DE HAUTS PANNEAUX de verre dépoli qui pivotent sur eux-mêmes, recomposant sans cesse l'espace, des costumes très simples et harmonieux qui permettent de reconnaître les Grecs d'un côté, les Troyens de l'autre, une manière de dire le texte, de jouer qui est d'un naturel étonnant et que l'on accepte immédiatement tant est jubilatoire l'adaptation de Bernard Pautrat, enfin un mouvement de la mise en scène très vif, très clair. C'est un très grand travail, épuré et puissant que propose ici Bernard Sobel.
Ne faisons pas le docte : on ne voit jamais montée cette pièce étonnante qu'est « Troïlus et Cressida », aussi y a-t-il un bonheur extraordinaire à l'écouter, à en suivre l'action. Ce n'est pas comme « Hamlet » ou « le Roi Lear » qu'à force on connaît très bien, dont on connaît même des pans entiers par cœur. Et puis ici, les personnages se nomment Hector, Achille, Hélène, Ajax, Enée, Agamemnon, Ulysse, Pâris, Patrocle, Nestor, Priam... pour les citer dans le plus grand désordre...
La scène est au siège de Troie. Il y a sept ans que les Grecs assiègent la ville. Achille, qui ne respecte plus le commandement grec, s'est retiré sous sa tente et file le parfait amour avec Patrocle. Ulysse est sur son quant à soi. Ajax est un écervelé. Etc... On ne peut pas dire que Shakespeare manifeste le moindre respect pour les héros...
Mais il ne s'agit pas de farce, de bouffonnerie. Il se moque de ces grands guerriers, il en montre les faiblesses, mais il analyse autre chose, et c'est très clair dans l'histoire qui donne son titre à la pièce, l'histoire de Troïlus qui vient à bout de la résistance de Cressida. Mais cette dernière va être échangée et doit rejoindre son père dans le camp grec. Elle cédera au pressant Diomède, au grand désespoir de Troïlus... Et il y a dans la manière dont Shakespeare saisit cette tragédie là, toute l'amertume, le désenchantement de la jeunesse devant un monde qui « sort de ses gongs », littéralement.
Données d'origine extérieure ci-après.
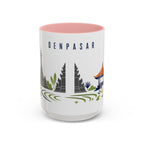 Denpasar Coffee Mug | Indonesia Travel Souvenir | Porcelain Decal City Gift | 11oz 15oz Accent Mug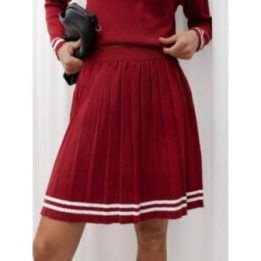 Moteriškas megztinio ir sijono komplektas su polo apykakle Italy Moda, bordo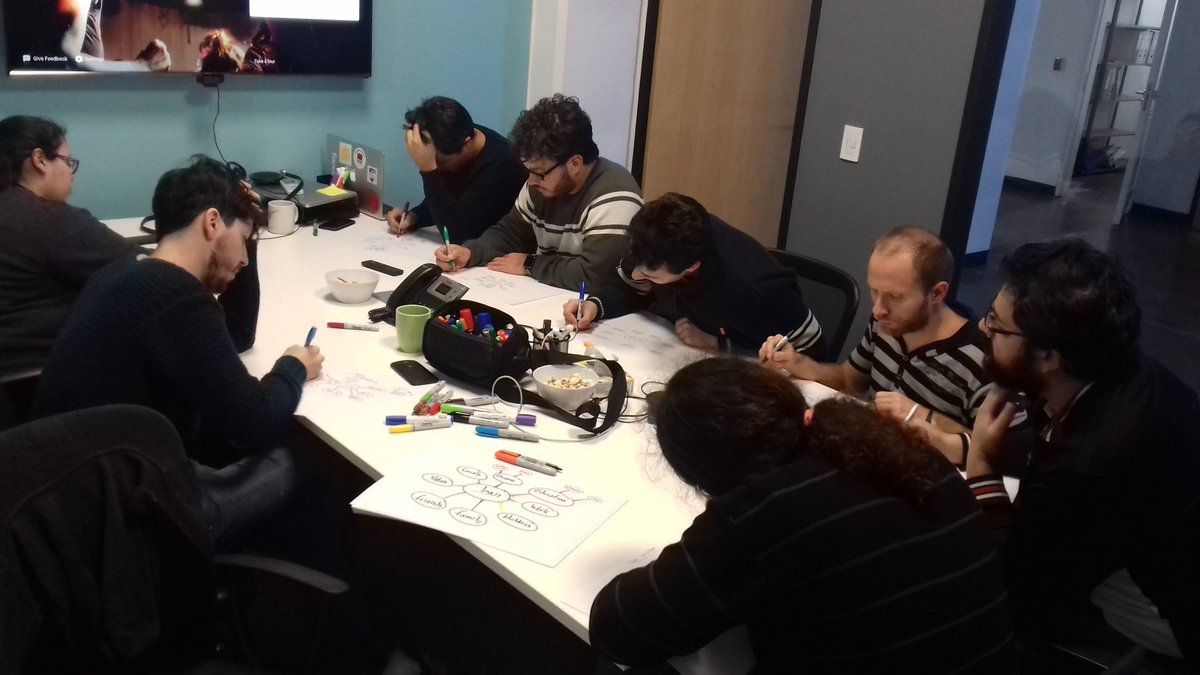 jonroddev's tweet photo. Live! With my new team at @eventbrite using #PersonalMap as a #TeamBuilding technique. @jurgenappelo https://t.co/fAp585x0Lt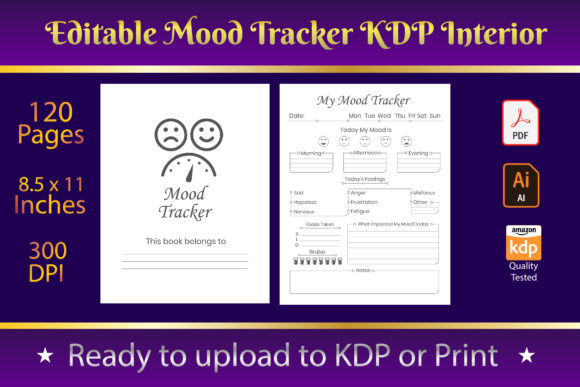 Editable Mood Tracker KDP Interior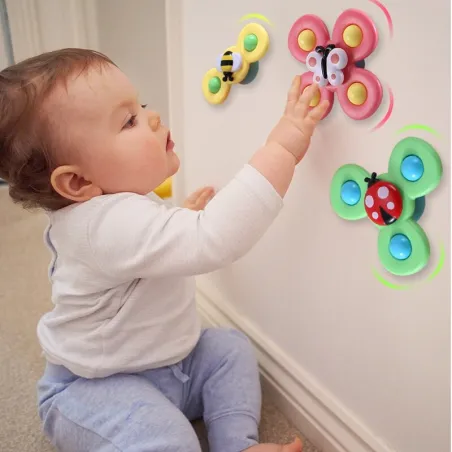 Giocattolo girevole per bambini - fidget spinner - con ventosa - 3 pezzi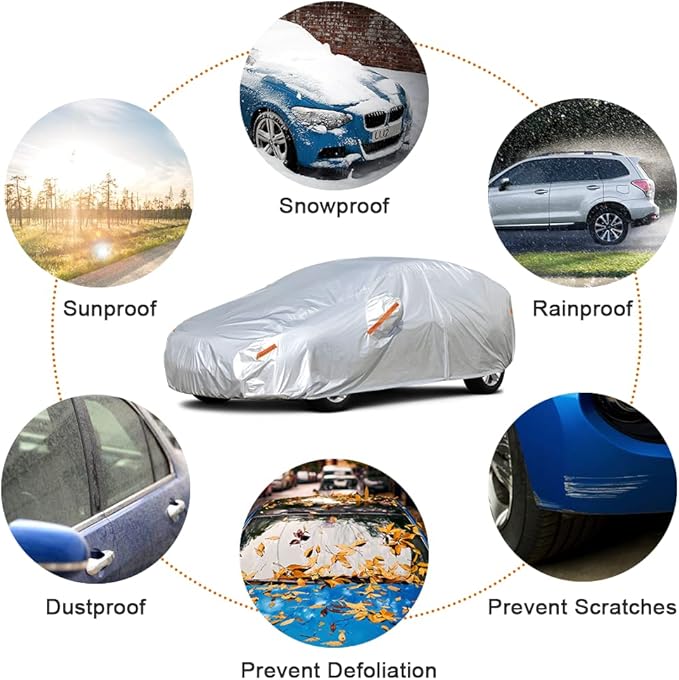 Kayme Car Covers for Automobiles Waterproof All Weather Sun Uv Rain Protection
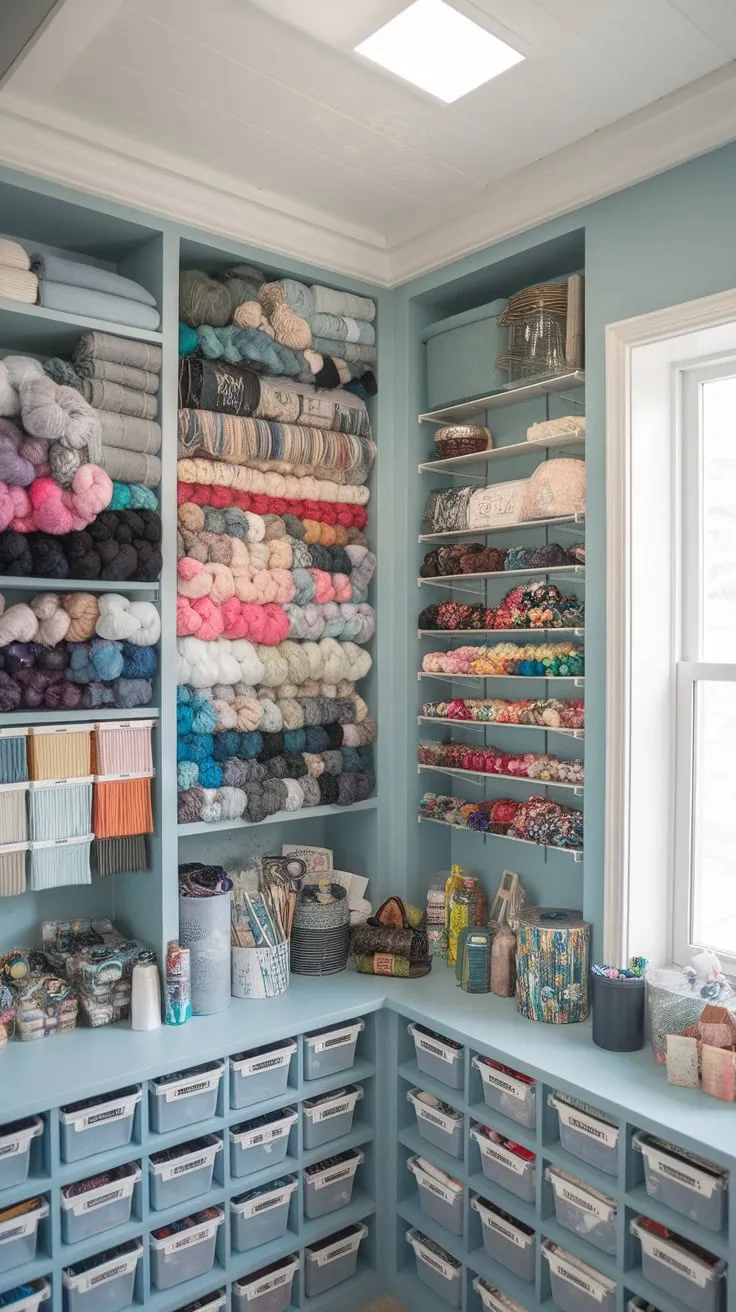 Sunlight streams into a dreamy craft room where Ikea-hacked shelves display vibrant yarn and colorful craft supplies, perfectly organized by color.
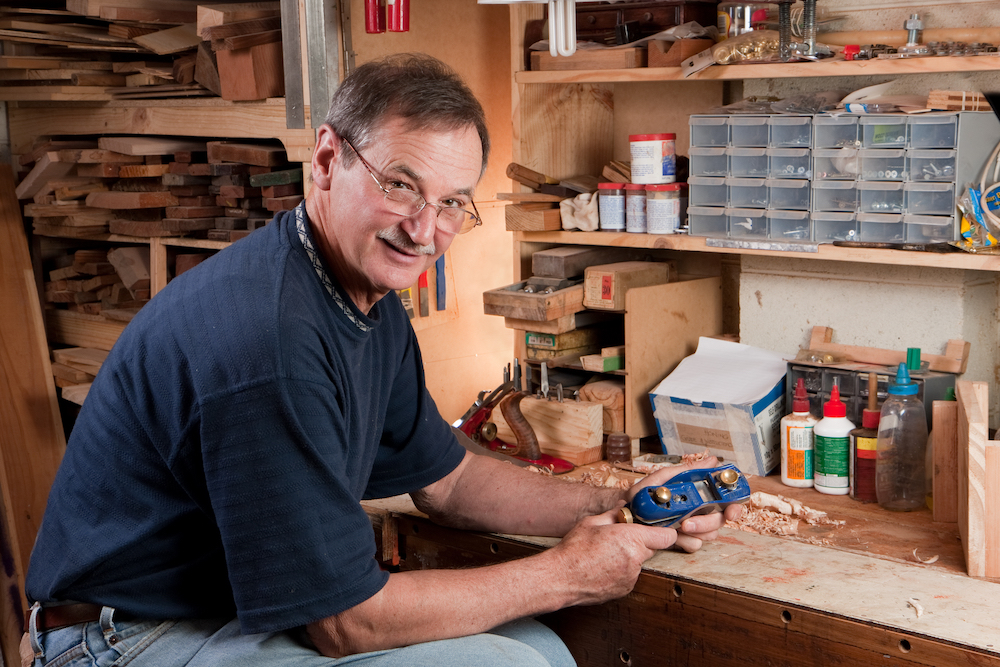 man in his hobby shed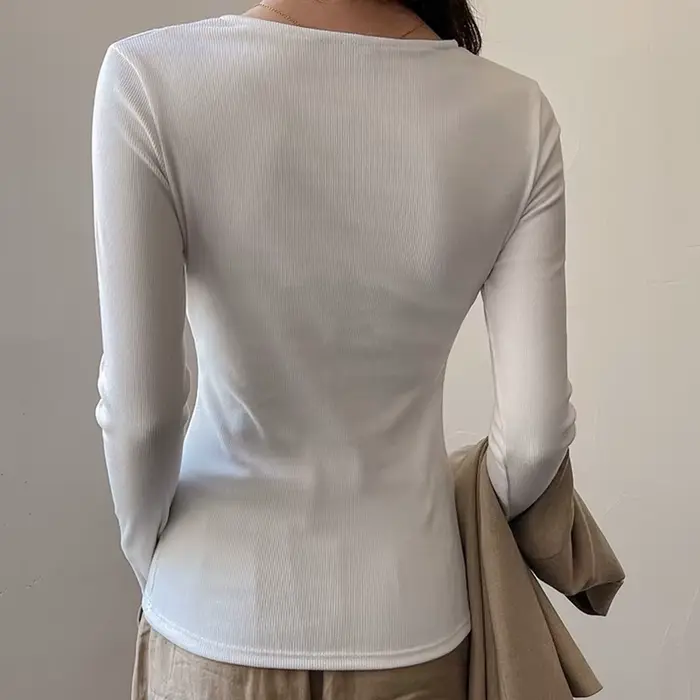 T-shirt à manches longues en dentelle blanche pour femme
Formidable histoire, formidable langue, acteurs excellentissimes qui disent bien leurs textes très longs, pour la plupart des douze garçons et deux filles - et jouent avec précision, ardeur, humour, émotion. Il faudrait les citer tous. Le mieux est d'aller les applaudir d'urgence. Le spectacle est long, mais passe comme un souffle.
C'est le travail d'un grand artiste que celui que nous propose Bernard Sobel, un metteur en scène au sommet de son savoir et de sa générosité pour les jeunes, aussi.
Théâtre de Gennevilliers, à 19 h 30 du mardi au samedi, à 16 h le dimanche (01.41.32.26.26). Durée : 4 h entracte compris, 2 h, entracte, 1 h 40. Jusqu'au 23 avril.